Jetzt ist Deine Meinung zu * The Last Survivors: Gewinnspiel zum post-apokalyptischen Thriller - gewinnt den Film auf Blu-ray und DVD* gefragt. 


				Bitte beachtet: Der Kommentarbereich wird gemäß der Forenregeln moderiert.





			Dieser Inhalt steht nur eingeloggten Mitgliedern zur Verfügung.
        

 Zum Artikel:  The Last Survivors: Gewinnspiel zum post-apokalyptischen Thriller - gewinnt den Film auf Blu-ray und DVD


----------



## d2wap (24. Juli 2015)

Wie bereite ich mich auf die Apokalypse vor?
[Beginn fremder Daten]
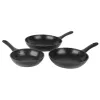 Paistinpannusetti Salter BW08773 3-osainen — 20/24/28 cm tarttumattomat paistinpannut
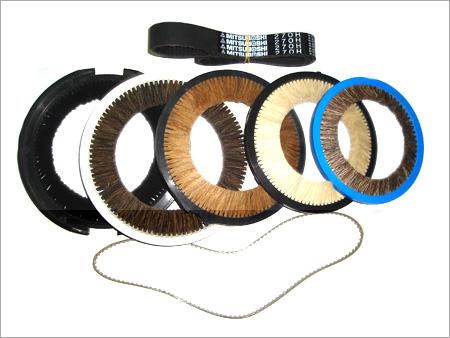 ब्रश और बेल्ट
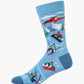 MENS SNOW ESCAPE BAMBOO SOCK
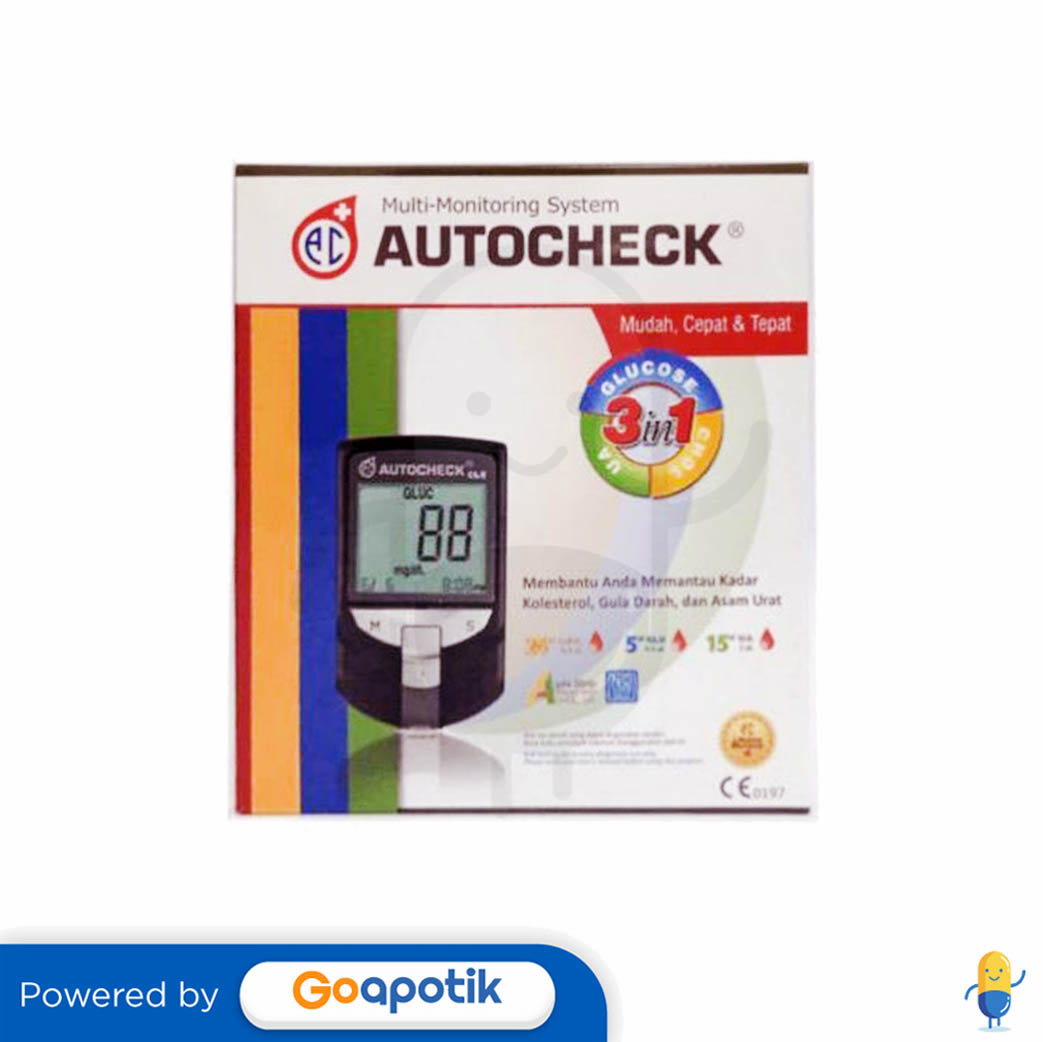 Autocheck In Multi Monitoring System Kegunaan Efek Samping Dosis Dan Aturan Pakai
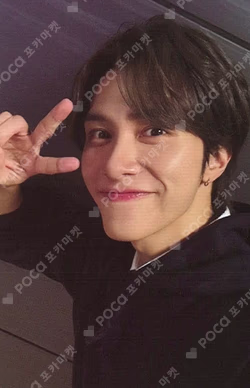 2026 SEASON'S GREETINGS RANDOM TRADING CARD SET B ver. HENDERY photocard image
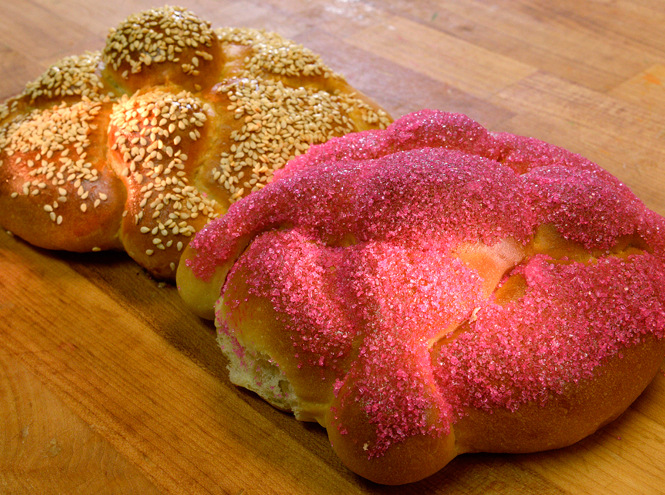 Что такое Pan de Muerto или Рецепт «хлеба мертвых»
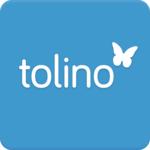 tolino - eBook reader and audiobook player app icon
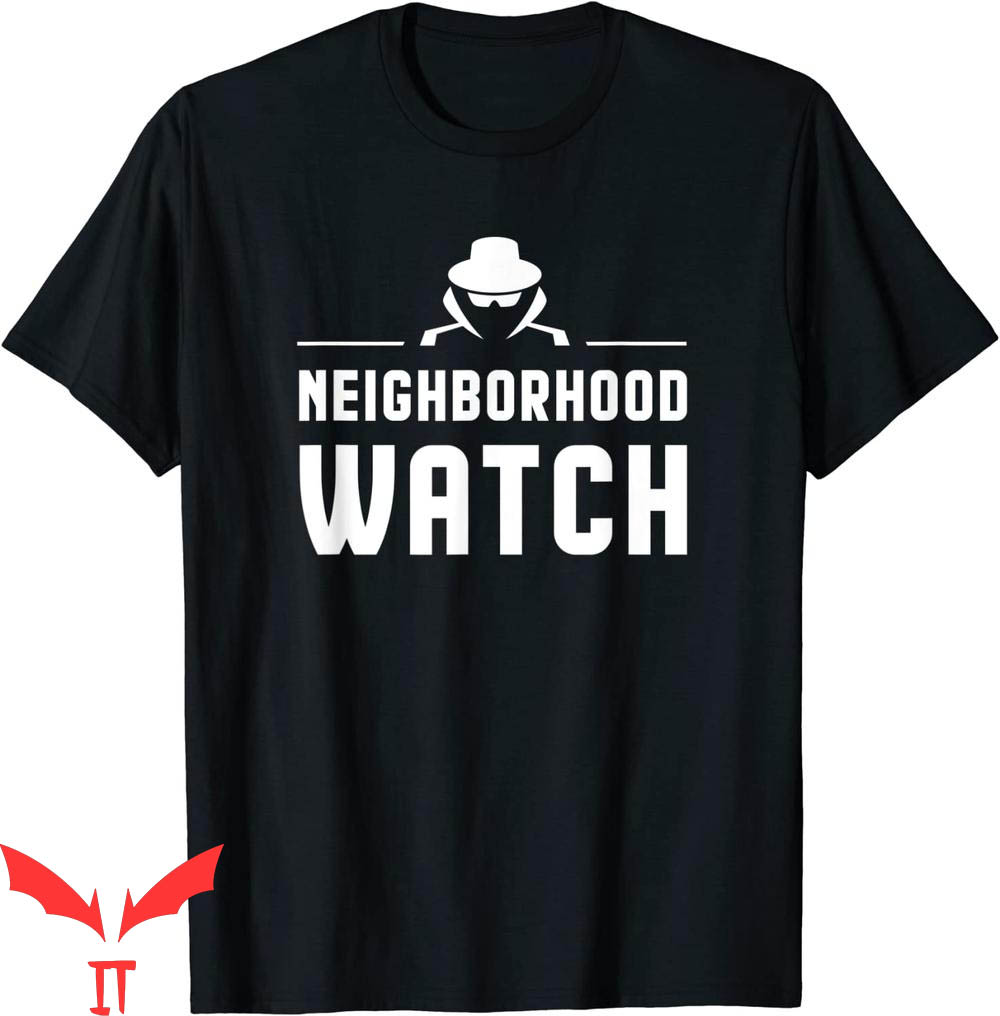 Neighborhood Watch T-Shirt Security Patrol Crime Watch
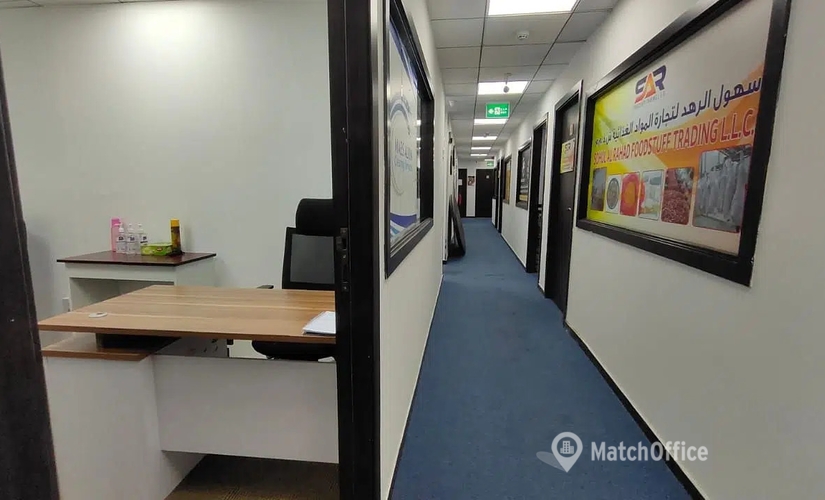 12 m² Serviced office in Dubai, Al Maktoum Rd (%[postal_code]) - 4 | MatchOffice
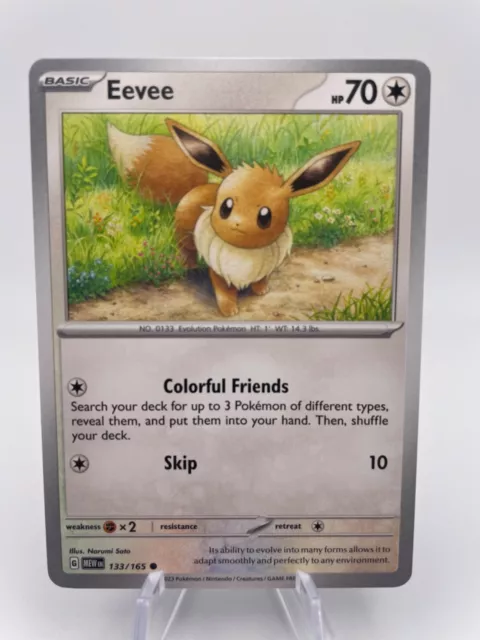 Scarlet & Violet Pokemon 151 You Choose Common/Uncommon/Reverse/Holo TCG Card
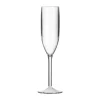 Best Sektglas Kunststoff | 190 ml (6 Stk) Kunststoffgläser|Sektgläser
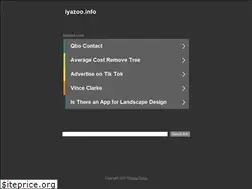 Sites similar to iyazoo.info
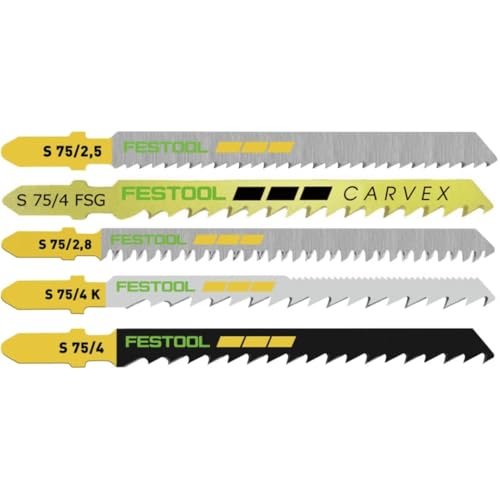 Festool 204275 Jigsaw Blade, Multicolour - Image 3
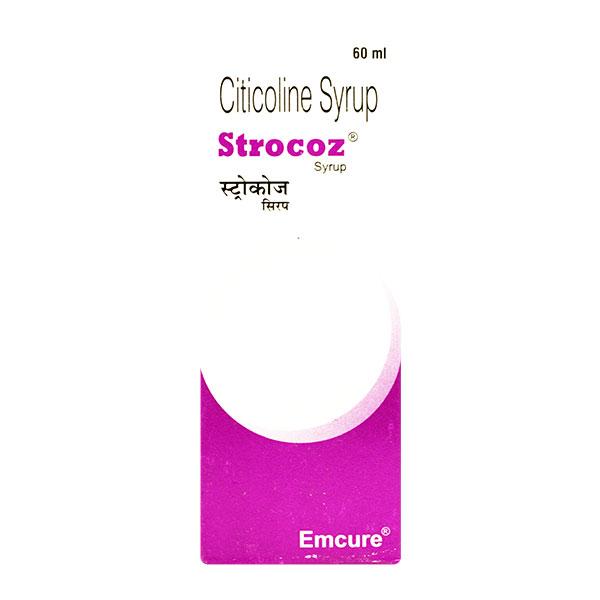 Netmeds | Strocoz 500mg Syrup 60ml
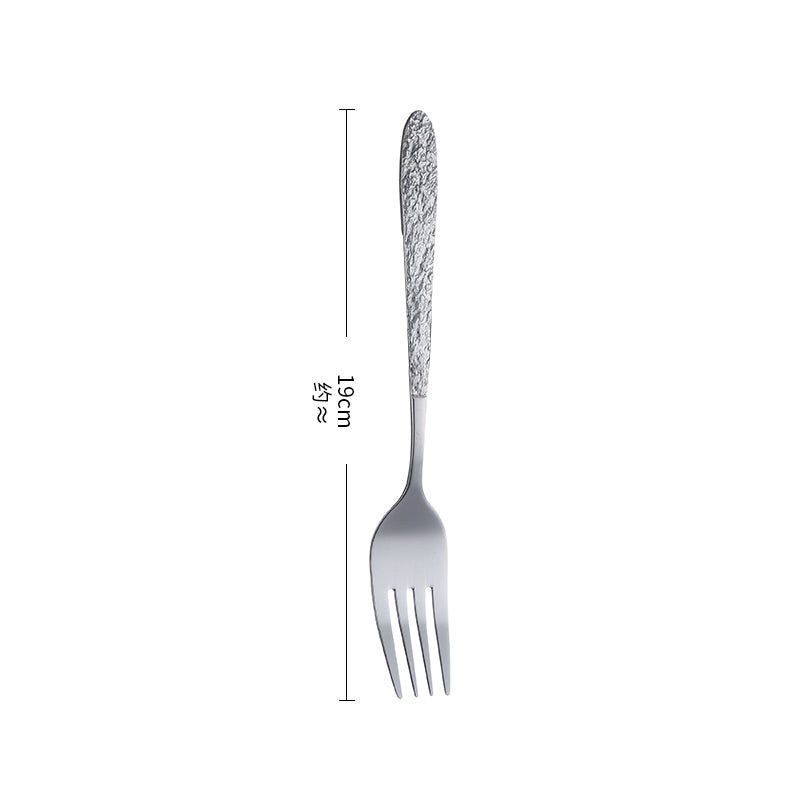 Premium Polished Stainless Steel Flatware Set Elegant Silverware Wholesale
Natürlich mit genug Wasser, einem Twinky, viel Benzin, einem Katana und einer Kettensäge. Die Dinge eben, die man aus allen Filmen als "am Wichtigsten" erachtet


----------



## Gunner1337 (24. Juli 2015)

1. Vorräte anlegen (Essen/Trinken/Medikamente)
2. Standort sichern (zB ein Haus in dem man das Erdgeschoss komplett zumauert, sodass niemand einfach hineinkommen kann und von der ersten Etage einfach eine Strickleiter einhängen)
3. Entertainment vorbereiten (zB Bücher, weil man sonst verrückt wird 
4. Waffen vorbereiten (dadurch das das Erdgeschoss nicht betreten werden kann, und eigentlich alle nur mit Leitern hinauf können , reichen schon scharfe spitze Eisenstangen um Angreifer hinunter zu "stechen")

Fertig


----------



## essayn (24. Juli 2015)

- Hamsterkäufe von allerlei Lebensmitteln sowohl in Supermärkten als auch Tiernahrungsläden (für meinen Besten).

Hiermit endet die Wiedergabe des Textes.